An upgrade from 14.06 to 14.10 broke several applications for which no update was available. I will be cleaning those up and then proceeding with an upgrade to 15.x this evening. This is somewhat involved so may not be finished for several days.
I will be taking the big server that houses all users home directory off line to add additional hard drives Friday evening probably starting around 10:30PM. This will require pausing incoming e-mail as well since .procmailrc files and local e-mail boxes reside in home directories. Shell servers will be unavailable and all web services will be down. I expect this maintenance to take less than an hour.
Later in the morning I will be booting some servers into 5.1 kernels. 5.0.0 has proven to be an extremely unstable kernel so trying to get everything off of it before it breaks anything else like it did this morning. This will only involve brief outages.
Sometime this morning Igloo, the server that hosts the mail spool, just stopped serving files in /mail via NFS. It wasn’t a case of NFS dying altogether as other files systems still worked.
I wasn’t able to troubleshoot much further because when I got to the co-location facility, the console was dead and it would not allow remote logins. I was forced to power cycle to reboot after which everything appeared normal.

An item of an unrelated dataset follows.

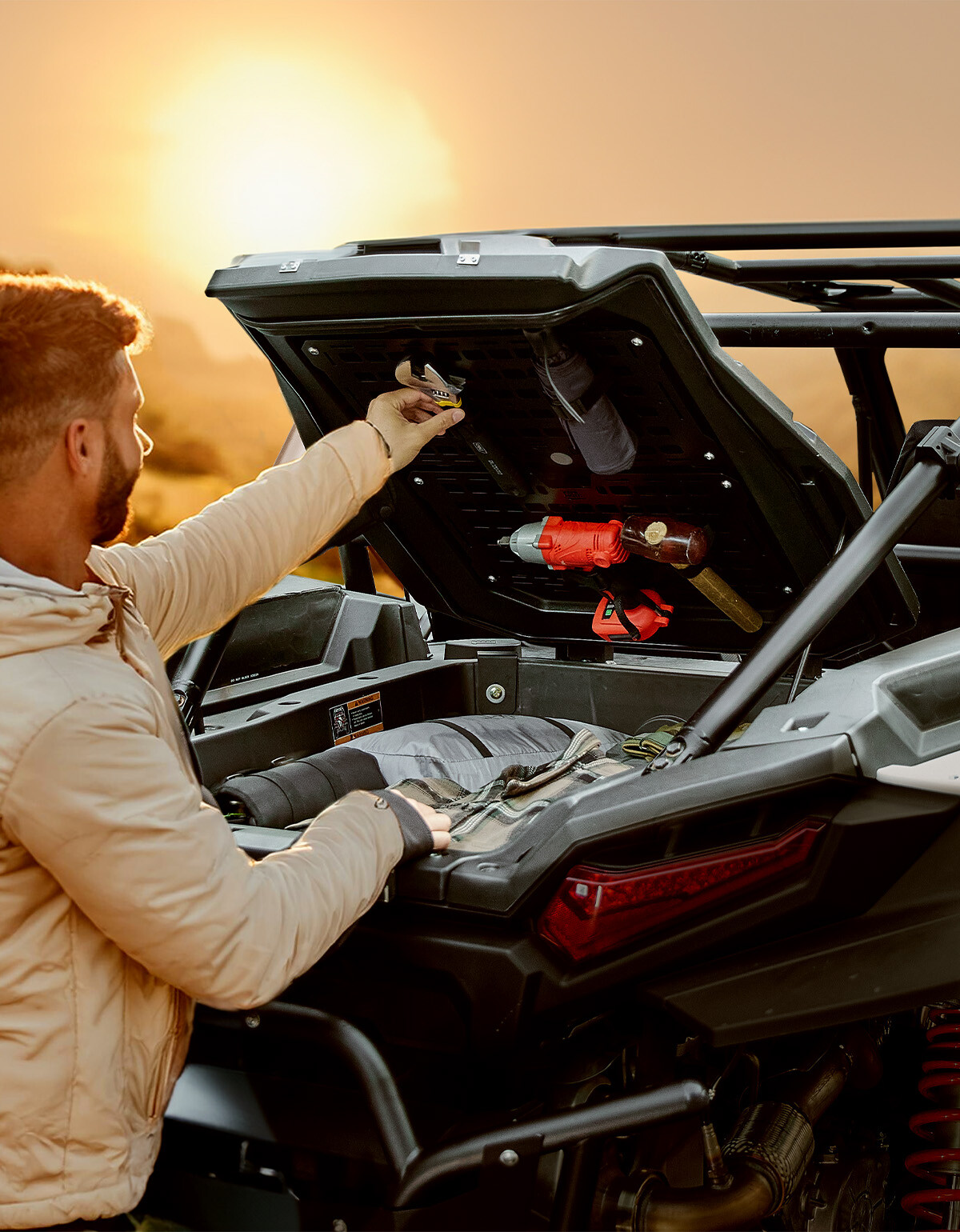 UTV Tonneau Cover Trunk Bed Enclosure Cover for Polaris RZR XP 1000/4 2024-2025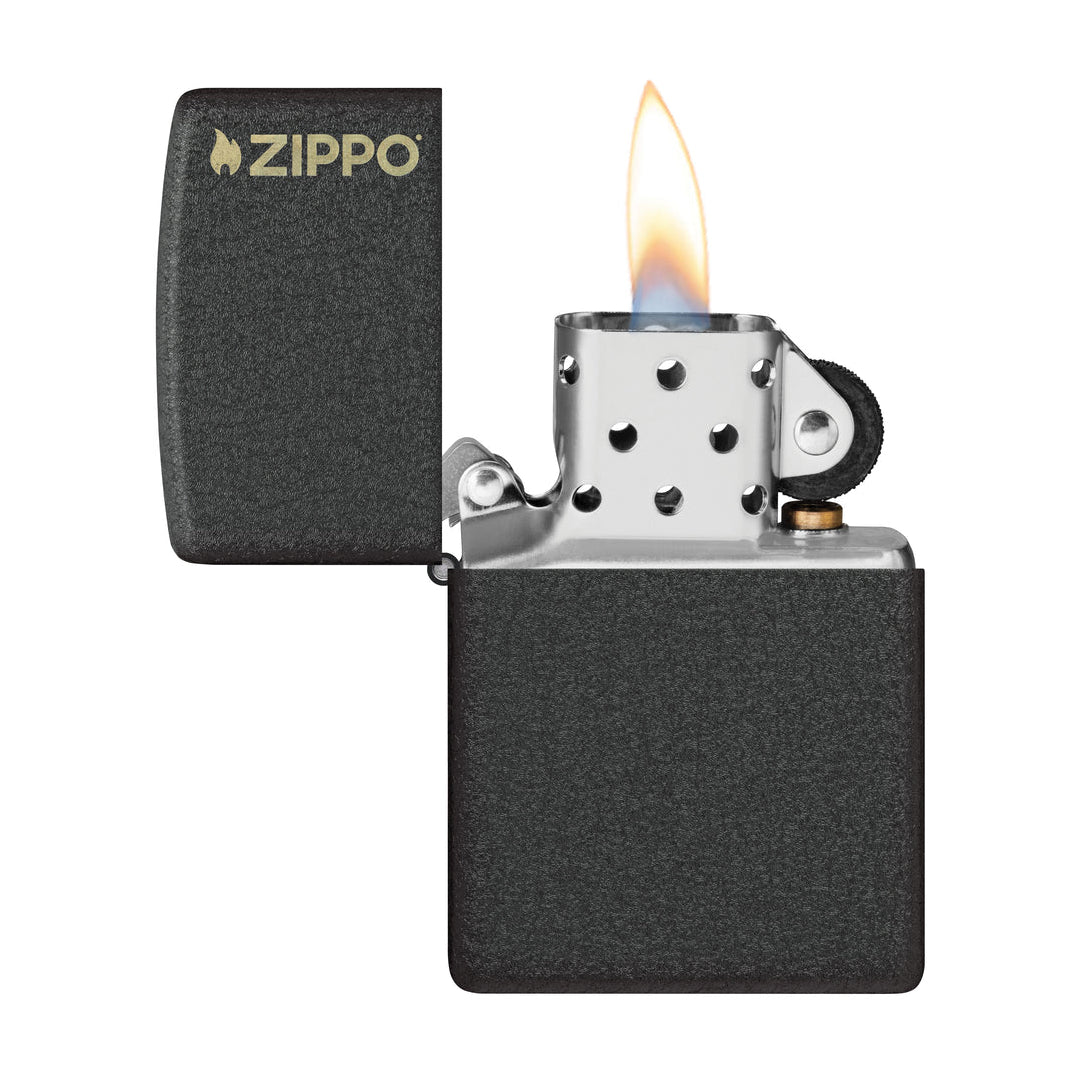 ZIPPO 236ZL BLACK CRACKLE LOGO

These machines were recently upgraded from Ubuntu 18.10 to 19.04 and that upgrade included the first 5.0.0 Linux kernel. I have had issues with that kernel on other machines and have resolved them by compiling 5.1 which appears to be more stable. I am doing that for this machine now which means there will be an additional interruption when I boot into the new kernel.
For workstations 19.04 is mostly okay, for servers it’s a piece of crap and has kept me up all night last night and tonight fixing things it broke. The new kernel, 5.0.0-14 is basically non-functional, networking either doesn’t work at all or randomly goes away. One machine went into hibernate mode all by it’s lonesome. I am so disappointed that Canonical would release such a half-baked distribution, not at all like them.
Well hopefully I will get home and things will be working this time. I am tired and hungry.
I got about 30% of what I set out to do tonight done. Consequently there will be additional downtime tonight and next weekend. I’m going to have to order an external case. I thought I had more internal drive bays than I do.
We found servers in our logs that were not in our server configuration.
Further investigation determined that GlobalPOPs had added additional radius servers but had not informed us. Requests coming from new servers not in our configuration were rejected causing authentication failures.
I obtained a complete list of their radius servers, added it to our clients.conf file and now authentication is functioning again.
Presently, our dial-up customers are unable to authenticate.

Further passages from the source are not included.